┌──
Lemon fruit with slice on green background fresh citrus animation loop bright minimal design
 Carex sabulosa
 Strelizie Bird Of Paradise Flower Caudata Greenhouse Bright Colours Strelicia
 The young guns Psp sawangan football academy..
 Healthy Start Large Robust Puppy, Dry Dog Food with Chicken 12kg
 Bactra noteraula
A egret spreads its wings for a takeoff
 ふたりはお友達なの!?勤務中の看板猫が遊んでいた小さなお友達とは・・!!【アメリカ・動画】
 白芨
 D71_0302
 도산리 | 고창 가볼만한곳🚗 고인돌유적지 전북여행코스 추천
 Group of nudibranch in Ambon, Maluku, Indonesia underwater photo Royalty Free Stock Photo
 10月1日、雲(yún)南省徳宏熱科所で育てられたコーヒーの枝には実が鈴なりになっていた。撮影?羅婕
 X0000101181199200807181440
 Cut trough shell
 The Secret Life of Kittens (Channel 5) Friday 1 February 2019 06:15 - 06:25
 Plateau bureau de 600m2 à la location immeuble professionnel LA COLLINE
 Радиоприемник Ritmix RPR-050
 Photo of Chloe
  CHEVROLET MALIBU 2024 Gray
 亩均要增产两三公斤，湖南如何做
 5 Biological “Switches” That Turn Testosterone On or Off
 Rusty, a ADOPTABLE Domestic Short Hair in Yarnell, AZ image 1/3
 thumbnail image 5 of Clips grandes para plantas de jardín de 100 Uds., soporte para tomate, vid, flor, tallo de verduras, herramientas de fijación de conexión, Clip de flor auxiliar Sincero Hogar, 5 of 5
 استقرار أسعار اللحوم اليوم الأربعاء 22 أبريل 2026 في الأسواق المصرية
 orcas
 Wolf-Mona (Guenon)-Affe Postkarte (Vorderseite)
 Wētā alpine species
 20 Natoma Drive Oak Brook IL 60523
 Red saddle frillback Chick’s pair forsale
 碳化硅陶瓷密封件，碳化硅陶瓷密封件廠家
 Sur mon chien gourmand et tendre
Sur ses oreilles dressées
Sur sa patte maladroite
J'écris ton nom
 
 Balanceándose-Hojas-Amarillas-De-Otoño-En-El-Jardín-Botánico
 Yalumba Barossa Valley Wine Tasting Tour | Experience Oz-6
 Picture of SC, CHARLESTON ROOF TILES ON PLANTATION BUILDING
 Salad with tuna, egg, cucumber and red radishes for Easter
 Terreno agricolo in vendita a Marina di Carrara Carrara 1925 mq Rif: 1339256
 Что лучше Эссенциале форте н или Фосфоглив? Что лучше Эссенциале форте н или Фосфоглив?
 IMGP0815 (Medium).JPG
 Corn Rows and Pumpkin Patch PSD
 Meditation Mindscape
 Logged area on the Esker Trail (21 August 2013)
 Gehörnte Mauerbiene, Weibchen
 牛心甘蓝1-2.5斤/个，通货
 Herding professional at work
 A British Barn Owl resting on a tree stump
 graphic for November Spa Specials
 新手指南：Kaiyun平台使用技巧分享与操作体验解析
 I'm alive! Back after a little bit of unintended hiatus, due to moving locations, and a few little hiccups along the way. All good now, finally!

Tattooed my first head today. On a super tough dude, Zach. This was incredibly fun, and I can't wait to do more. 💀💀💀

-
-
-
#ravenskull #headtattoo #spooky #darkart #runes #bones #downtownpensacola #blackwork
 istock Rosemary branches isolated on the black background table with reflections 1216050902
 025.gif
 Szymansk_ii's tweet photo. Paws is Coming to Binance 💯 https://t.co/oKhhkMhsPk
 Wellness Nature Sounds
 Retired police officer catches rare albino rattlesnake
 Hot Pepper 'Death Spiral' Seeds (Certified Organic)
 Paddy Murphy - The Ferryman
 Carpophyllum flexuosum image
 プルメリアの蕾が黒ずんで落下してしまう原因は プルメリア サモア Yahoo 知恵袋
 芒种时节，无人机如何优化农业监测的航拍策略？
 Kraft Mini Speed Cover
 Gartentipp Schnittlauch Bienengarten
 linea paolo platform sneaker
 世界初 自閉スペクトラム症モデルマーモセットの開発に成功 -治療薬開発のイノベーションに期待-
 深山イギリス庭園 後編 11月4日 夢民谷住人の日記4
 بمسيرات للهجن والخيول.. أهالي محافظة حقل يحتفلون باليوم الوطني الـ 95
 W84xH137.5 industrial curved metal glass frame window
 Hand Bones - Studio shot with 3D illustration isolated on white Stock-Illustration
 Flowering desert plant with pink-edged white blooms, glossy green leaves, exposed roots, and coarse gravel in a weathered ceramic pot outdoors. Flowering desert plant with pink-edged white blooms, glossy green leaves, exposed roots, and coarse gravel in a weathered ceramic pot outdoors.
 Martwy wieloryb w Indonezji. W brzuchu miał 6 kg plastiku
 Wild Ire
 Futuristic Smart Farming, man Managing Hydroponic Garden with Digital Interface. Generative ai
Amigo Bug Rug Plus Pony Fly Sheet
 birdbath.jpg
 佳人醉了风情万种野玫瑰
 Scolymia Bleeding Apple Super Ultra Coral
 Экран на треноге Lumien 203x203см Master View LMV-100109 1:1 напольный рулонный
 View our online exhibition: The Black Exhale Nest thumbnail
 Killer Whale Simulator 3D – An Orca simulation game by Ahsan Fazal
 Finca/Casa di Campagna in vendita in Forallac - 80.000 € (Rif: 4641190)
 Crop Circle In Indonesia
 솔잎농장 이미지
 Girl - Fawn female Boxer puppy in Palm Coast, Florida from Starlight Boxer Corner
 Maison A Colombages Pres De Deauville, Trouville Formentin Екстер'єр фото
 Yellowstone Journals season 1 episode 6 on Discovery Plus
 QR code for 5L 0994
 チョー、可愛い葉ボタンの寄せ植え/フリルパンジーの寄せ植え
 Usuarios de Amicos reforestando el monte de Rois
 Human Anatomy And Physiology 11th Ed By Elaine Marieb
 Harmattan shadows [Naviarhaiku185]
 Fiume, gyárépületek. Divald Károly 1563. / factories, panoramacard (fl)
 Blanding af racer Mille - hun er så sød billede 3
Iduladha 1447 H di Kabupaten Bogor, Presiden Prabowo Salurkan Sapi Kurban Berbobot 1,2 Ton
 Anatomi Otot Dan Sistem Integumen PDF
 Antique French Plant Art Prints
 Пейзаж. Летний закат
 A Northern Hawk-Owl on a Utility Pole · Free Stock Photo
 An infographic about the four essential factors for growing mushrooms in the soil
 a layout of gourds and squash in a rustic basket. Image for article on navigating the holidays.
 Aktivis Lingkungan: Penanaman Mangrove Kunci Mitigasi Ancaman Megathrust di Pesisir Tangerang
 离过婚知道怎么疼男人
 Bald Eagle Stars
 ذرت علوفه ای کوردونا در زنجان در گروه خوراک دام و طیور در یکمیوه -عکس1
└──
Quote exactly the first line of the entries and every line after it, stopping with the line that contains "ふたりはお友達なの!?勤務中".

Lemon fruit with slice on green background fresh citrus animation loop bright minimal design
 Carex sabulosa
 Strelizie Bird Of Paradise Flower Caudata Greenhouse Bright Colours Strelicia
 The young guns Psp sawangan football academy..
 Healthy Start Large Robust Puppy, Dry Dog Food with Chicken 12kg
 Bactra noteraula
A egret spreads its wings for a takeoff
 ふたりはお友達なの!?勤務中の看板猫が遊んでいた小さなお友達とは・・!!【アメリカ・動画】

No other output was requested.